They Made America: From the Steam Engine to the Search by Harold Evans

By Harold Evans

Now on hand in a text-only paperback version, "They Made the US" is a stirring and supremely readable paintings of history--a party of the entrepreneurial strength that has fueled this state seeing that its inception.

Show description

Read Online or Download They Made America: From the Steam Engine to the Search Engine: Two Centuries of Innovators PDF

Similar manufacturing & operational systems books

Handbook of Metal Forming

Makes a speciality of functional suggestions masking creation tools, instruments, desktop instruments and different apparatus, in addition to precision tool-manufacturing equipment and creation structures. This complete reference additionally comprises the entire appropriate facets of the next: metallurgy, tribology, thought of plasticity, fabric homes and technique info decision.

Deburring and edge finishing handbook

Written through specialist, LaRoux Gillespie, this instruction manual is the main entire booklet on burr elimination and the remedy of edges ever released.
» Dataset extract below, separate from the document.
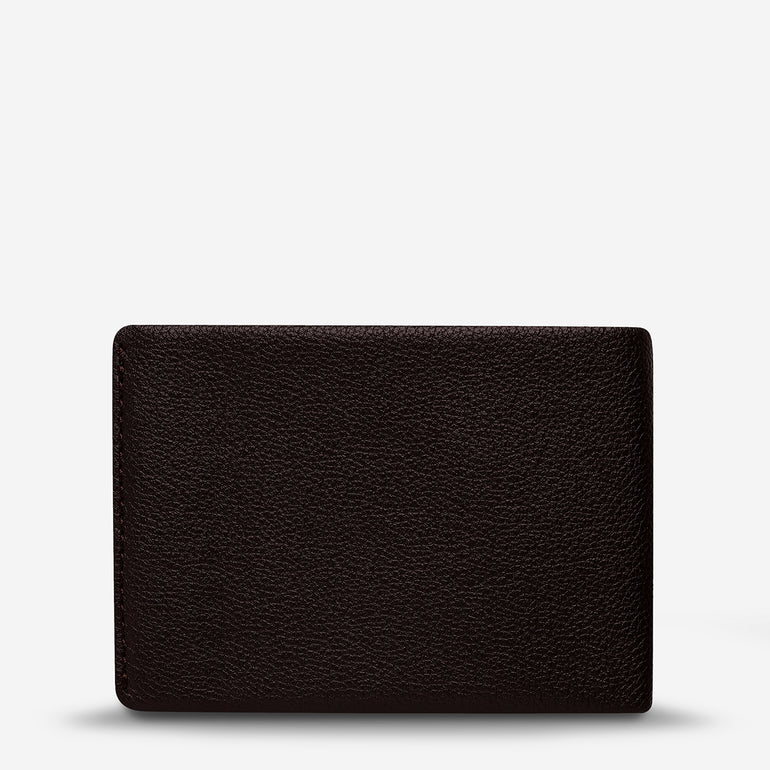 Status Anxiety Otis Men's Leather Wallet Chocolate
Armed with this in-depth advisor to deburring applied sciences, any engineer concerned with half production will speedy notice the right way to safely determine and overview the best and price powerful deburring option(s) for a particular software.

Extra info for They Made America: From the Steam Engine to the Search Engine: Two Centuries of Innovators

Sample text

They produced an effective carbon button transmitter for the rival Western Union so that when Western Union pooled the patents of Edison and Bell’s rival Elisha Gray it had a real working telephone. Then Theodore Vail presided over the amalgamation of Western Union and the Bell Company to create the American Telephone and Telegraph Company. It was Vail who foresaw the potential of a national long-distance system and worked to overcome myriad technical, political and bureaucratic obstacles with such effect that on January 25, 1915, he was able to sit in his convalescent retreat on Jekyll Island, Georgia, and listen to Bell in New York repeat his original request of 1876 to Thomas Watson in San Francisco (to which Watson replied that it would take him a week to get there now).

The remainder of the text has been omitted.